Given that COVID-19 was first reported in December 2019, we can limit our data selection to articles published after this date. Therefore, we will sample data from December 1st, 2019, onwards.

In [None]:
# only keep the documents published after 2019-11
df_trimed = df_trimed[df_trimed["publish_time"] > '2019-12']
df_trimed.shape[0]


Check the missing values in the dataset.

In [None]:
# check the number of missing value in each column
missing_values_count = df_trimed.isnull().sum()
missing_values_count


Many rows of data are missing titles, abstracts, and PDF files, as demonstrated above. We will drop these rows from our analysis.

In [None]:
df_trimed = df_trimed.dropna(subset=['pdf_json_files', 'title', 'abstract'])
df_trimed.shape[0]


Next, we will verify the validity of the PDF file URLs. Any rows with invalid URLs will be dropped from the dataset.

In [None]:
# remove all the rows that do not have the real file
import os
# tqdm progress apply
tqdm.pandas(desc="removing all the rows that do not have the real file...")
print(df_trimed['pdf_json_files'])


df_trimed = df_trimed[df_trimed['pdf_json_files'].progress_apply(
    lambda x: os.path.isfile("../input/CORD-19-research-challenge/"+x))]
df_trimed.shape[0]
s

Based on the keywords of the test queries, we can sample the data further. We will only keep the rows whose title or abstract contain the keywords in the test queries. 

In [None]:
# function: select the rows whose title or abstract contain the given strings, ignoring the case
def select_rows_contain_string(df, strings):
    tqdm.pandas(
        desc="selecting the rows whose title or abstract contain the given strings...")
    return df[df.progress_apply(lambda row: any(string in row['title'].lower() or string in row['abstract'].lower() for string in strings), axis=1)]

In [None]:
# title or abstract contain "COVID-19", "SARS-CoV-2", "coronavirus", "2019-nCoV", "covid", "covid-19", "Covid-19"
strings = ["COVID-19", "SARS-CoV-2", "coronavirus",
           "2019-nCoV", "covid", "covid-19", "Covid-19"]
df_trimed_covid = select_rows_contain_string(df_trimed, strings)
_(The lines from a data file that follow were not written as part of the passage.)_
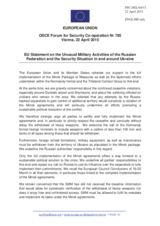 Statement by the Latvian EU Presidency on the situation in and around Ukraine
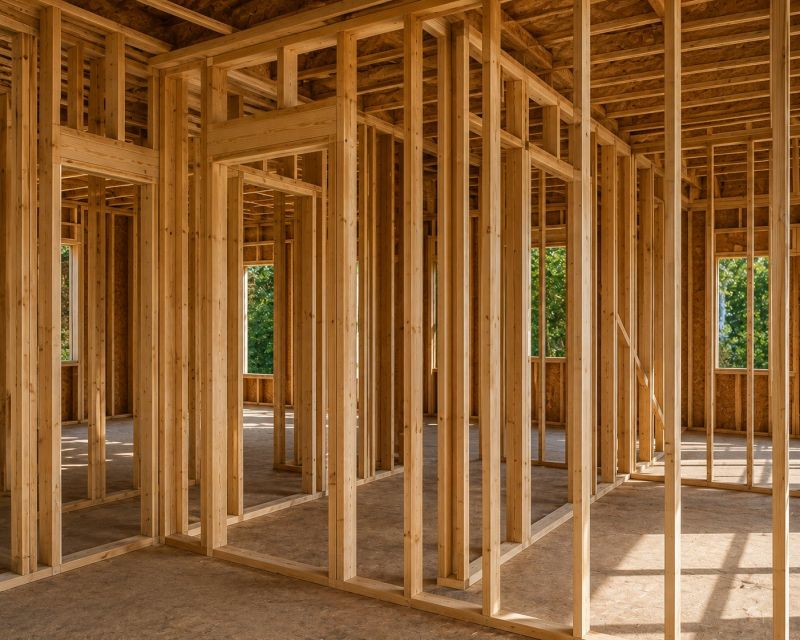 Stud Wall Installation in Conroe, TX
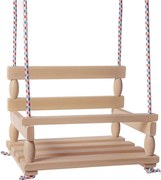 Detská drevená hojdačka béžová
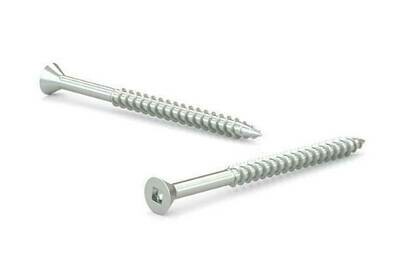 #10 X 3-1/2" Wood Screws Flat Head Zinc 5 PCS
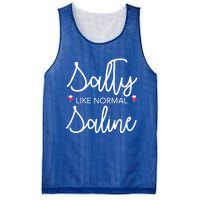 Salty Like Normal Saline Nursing Nurse Rn Lpn Cna Gift Meaningful Gift Mesh Reversible Basketball Jersey Tank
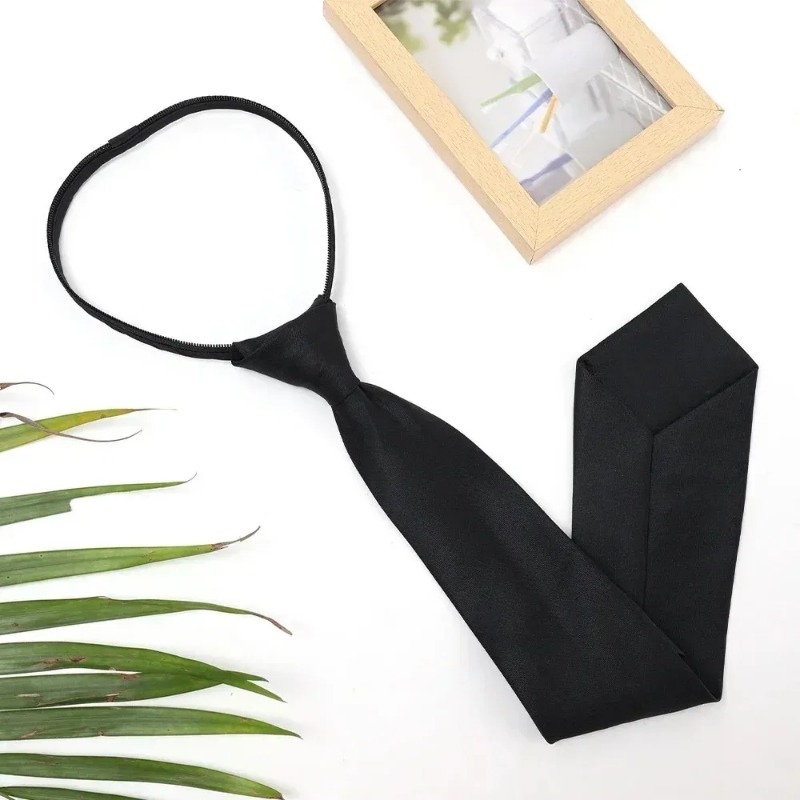 Matowa Czarna Krawatka na Klip – Men'S Formal Wear For Funeral recenzja i cena
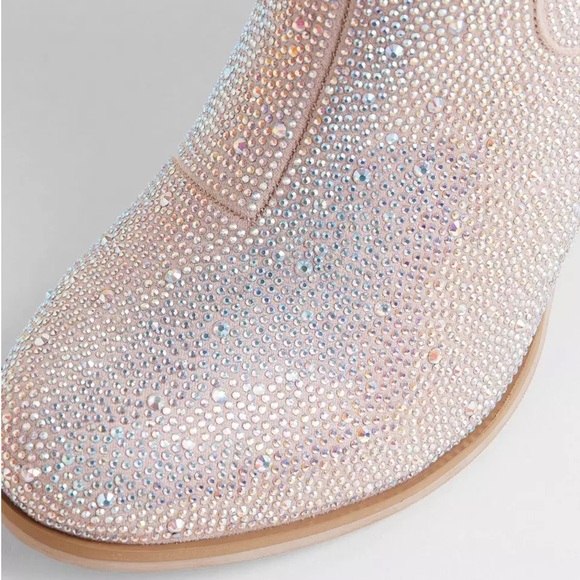 Torrid embellished western bootie Rhinestone Ankle Boots - Picture 3 of 8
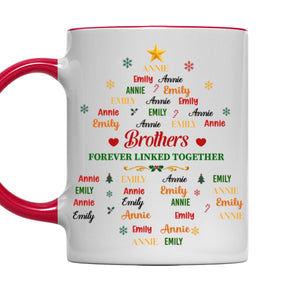 Our Bond Grows With Time - Personalized Accent Mug - Red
keyword_sampled_df_list = []

# title or abstract contain "origin", "Wuhan" from the df_trimed_covid
strings = ["origin", "Wuhan"]
df_trimed_origin = select_rows_contain_string(df_trimed_covid, strings)
keyword_sampled_df_list.append(df_trimed_origin)

# title or abstract contain "rapid testing"
strings = ["rapid testing"]
df_trimed_testing = select_rows_contain_string(df_trimed_covid, strings)
keyword_sampled_df_list.append(df_trimed_testing)

# title or abstract contain "social", "distancing", "lockdown", "quarantine"
strings = ["social distancing", "lockdown", "quarantine"]
df_trimed_social = select_rows_contain_string(df_trimed_covid, strings)
keyword_sampled_df_list.append(df_trimed_social)

# title or abstract contain "transmission route"
strings = ["transmission route"]
df_trimed_transmission = select_rows_contain_string(df_trimed_covid, strings)
keyword_sampled_df_list.append(df_trimed_transmission)

# title or abstract contain "best masks", "preventing infection", "prevent infection", "preventing transmission", "prevent transmission", "preventing spread", "prevent spread"
strings = ["best masks", "preventing infection", "prevent infection",
           "preventing transmission", "prevent transmission", "preventing spread", "prevent spread"]
df_trimed_masks = select_rows_contain_string(df_trimed_covid, strings)
keyword_sampled_df_list.append(df_trimed_masks)

# title or abstract contain "hand sanitizer"
strings = ["hand sanitizer"]
df_trimed_sanitizer = select_rows_contain_string(df_trimed_covid, strings)
keyword_sampled_df_list.append(df_trimed_sanitizer)

# title or abstract contain "vaccine", "vaccination", "vaccines", "vaccinations"
strings = ["vaccine", "vaccination", "vaccines", "vaccinations"]
df_trimed_vaccine = select_rows_contain_string(df_trimed_covid, strings)
keyword_sampled_df_list.append(df_trimed_vaccine)

# title or abstract contain "Vitamin"
strings = ["Vitamin"]
df_trimed_vitamin = select_rows_contain_string(df_trimed_covid, strings)
keyword_sampled_df_list.append(df_trimed_vitamin)

# title or abstract contain "live outside the body"
strings = ["live outside the body"]
df_trimed_outside = select_rows_contain_string(df_trimed_covid, strings)
keyword_sampled_df_list.append(df_trimed_outside)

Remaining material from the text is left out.